Jürgen Klopp: "Im Augenblick ist keiner besser als er"

Und das dank Doppelpacker Salah, der mit 31 Champions-League-Treffern jetzt der beste Reds-Schütze in der Königsklasse aller Zeiten ist. Schon vor einem knappen Monat schoss "Mo Magic", wie ihn die englische Yellow Press taufte, seinen insgesamt 100. Treffer für den FC Liverpool. So schnell hatte das noch niemand in der Historie der Reds geschafft. Kein Ian Rush, kein Steven Gerrard, kein Sir Kenny Dalglish und kein Michael Owen. Und das, obwohl Salah meistens vom Flügel kommt und nicht als klassischer Mittelstürmer agiert.

Woche für Woche unterstreicht der Ägypter momentan die drastische These seine Coaches, bei der man ihm aktuell nur schwer widersprechen kann. "Gibt es im Moment einen Besseren?", fragte dieser kürzlich in einer Presserunde und antwortete praktischerweise gleich selbst: "Natürlich nicht! Wir müssen nicht über Ronaldo und Messi reden, was sie für den Weltfußball getan und wie sie ihn dominiert haben. Im Augenblick ist aber keiner besser als er."
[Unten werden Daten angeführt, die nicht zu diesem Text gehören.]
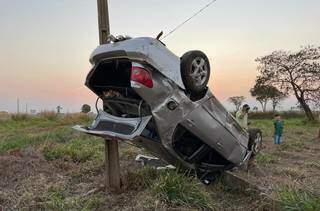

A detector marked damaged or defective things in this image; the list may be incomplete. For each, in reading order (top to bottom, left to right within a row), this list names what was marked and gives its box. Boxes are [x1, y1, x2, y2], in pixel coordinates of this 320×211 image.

crumpled car hood [89, 37, 185, 89]
overturned silver car [74, 35, 262, 181]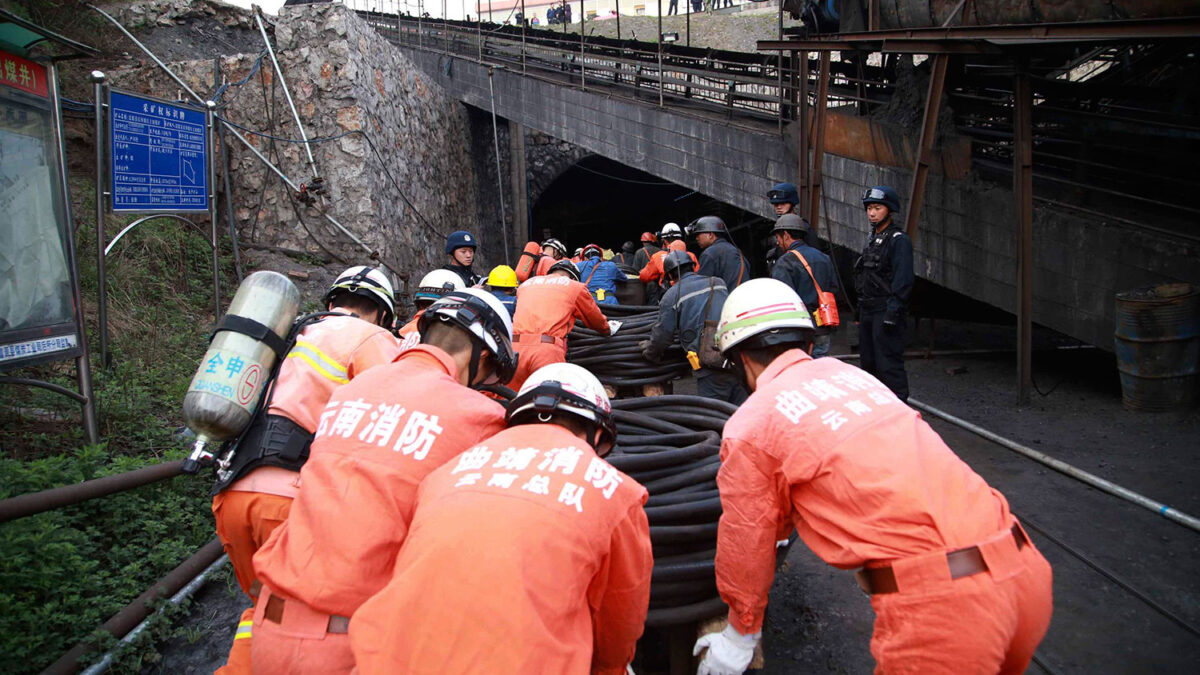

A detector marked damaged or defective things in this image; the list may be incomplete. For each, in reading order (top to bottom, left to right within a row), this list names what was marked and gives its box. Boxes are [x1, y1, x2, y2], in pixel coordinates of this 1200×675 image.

rusty metal barrel [873, 0, 1200, 28]
rusty metal barrel [1108, 279, 1195, 410]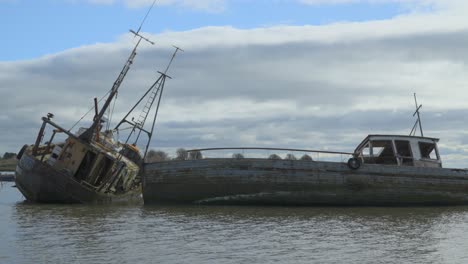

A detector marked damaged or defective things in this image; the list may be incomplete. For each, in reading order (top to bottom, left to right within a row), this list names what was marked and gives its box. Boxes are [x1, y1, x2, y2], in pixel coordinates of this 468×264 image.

rusty tilted boat [14, 10, 183, 204]
rusty tilted boat [143, 97, 468, 206]
rusty hull [143, 158, 468, 205]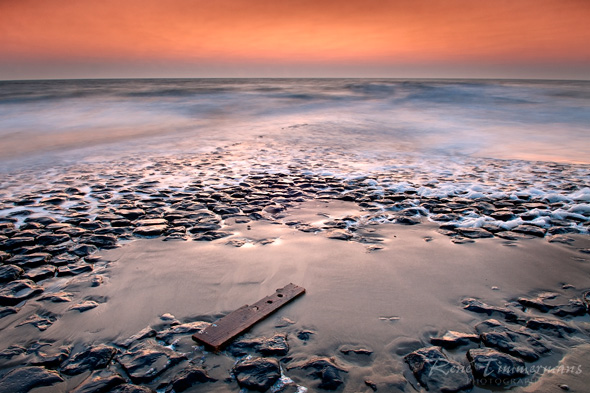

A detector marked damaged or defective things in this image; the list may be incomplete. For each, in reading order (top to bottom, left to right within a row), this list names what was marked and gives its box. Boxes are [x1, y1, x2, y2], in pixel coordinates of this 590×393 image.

rusted metal plank [193, 282, 306, 350]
Salahs Verlängerung wird zur Hängepartie

Aber wie lang können sie Salah noch genießen in Liverpool? Der Vertrag des Offensivmannes läuft 2023 aus, die Verlängerung, die beide Seiten an sich begrüßen würden, gestaltet sich unerwarteterweise als Hängepartie. Daran sollen Medienberichten auf der Insel zufolge vor allem die Gehaltsvorstellungen des 29-Jährigen Schuld sein, die bei 100 Millionen Euro für drei Jahre liegen sollen – also über 600.000 Euro in der Woche.

Es könnte am Ende also auf die Frage hinauslaufen: Kann (und vor allem will) sich Liverpool, das finanziell keine quasi endlosen Ressourcen wie andere Klubs zur Verfügung hat, den Besten der Welt überhaupt leisten?